Source data:
BEGIN
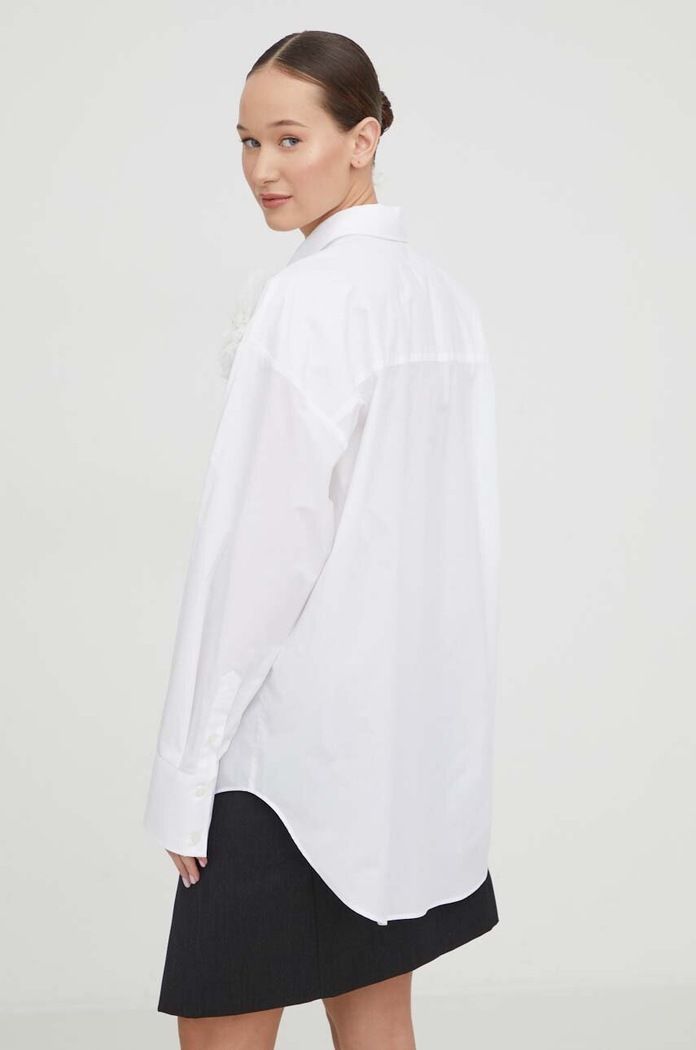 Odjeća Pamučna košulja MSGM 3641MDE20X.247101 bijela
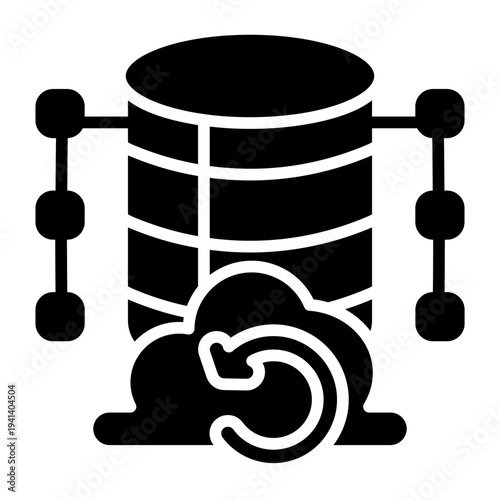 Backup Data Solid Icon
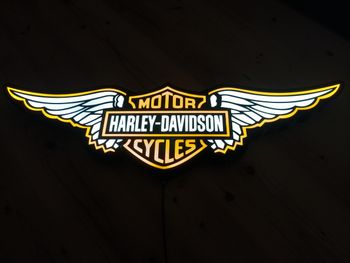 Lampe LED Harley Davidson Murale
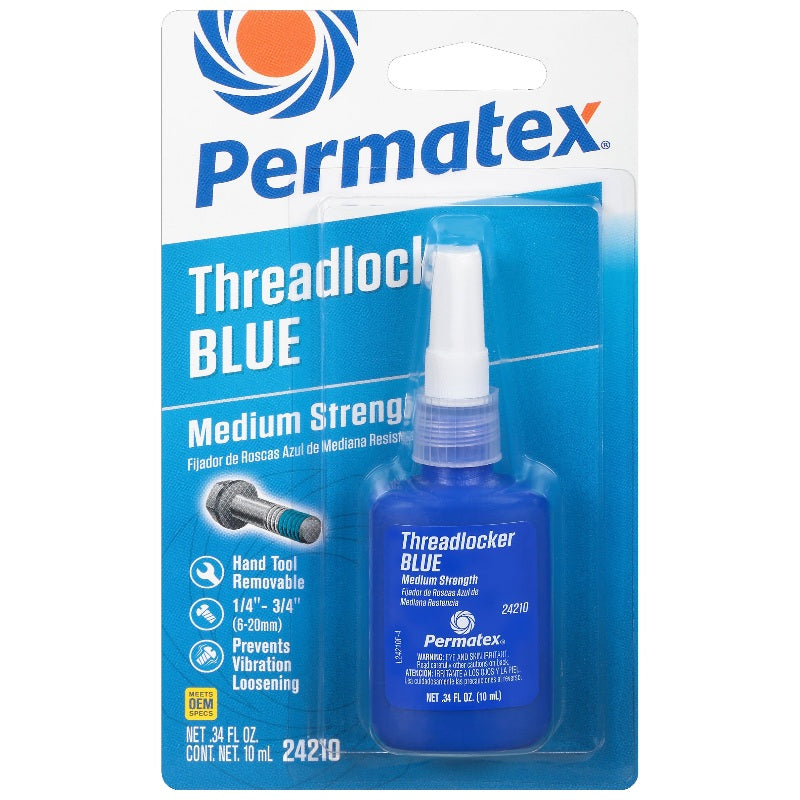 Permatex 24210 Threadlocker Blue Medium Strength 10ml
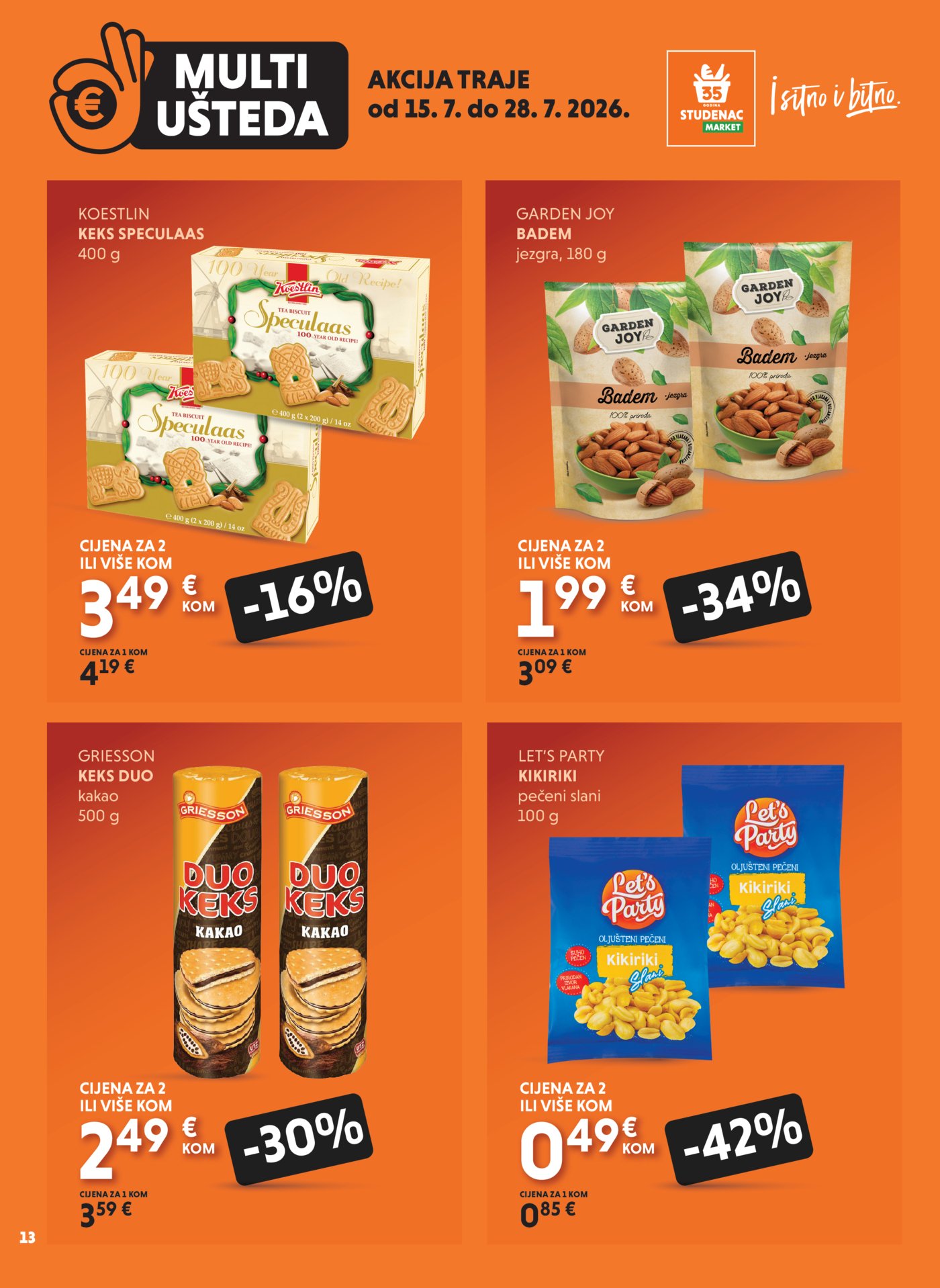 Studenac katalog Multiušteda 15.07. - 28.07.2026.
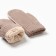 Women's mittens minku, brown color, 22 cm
END
Task directions:
Write out each record exactly as shown, but not its pictures.

Response to this exercise:
 Odjeća Pamučna košulja MSGM 3641MDE20X.247101 bijela
 Backup Data Solid Icon
 Lampe LED Harley Davidson Murale
 Permatex 24210 Threadlocker Blue Medium Strength 10ml
 Studenac katalog Multiušteda 15.07. - 28.07.2026.
 Women's mittens minku, brown color, 22 cm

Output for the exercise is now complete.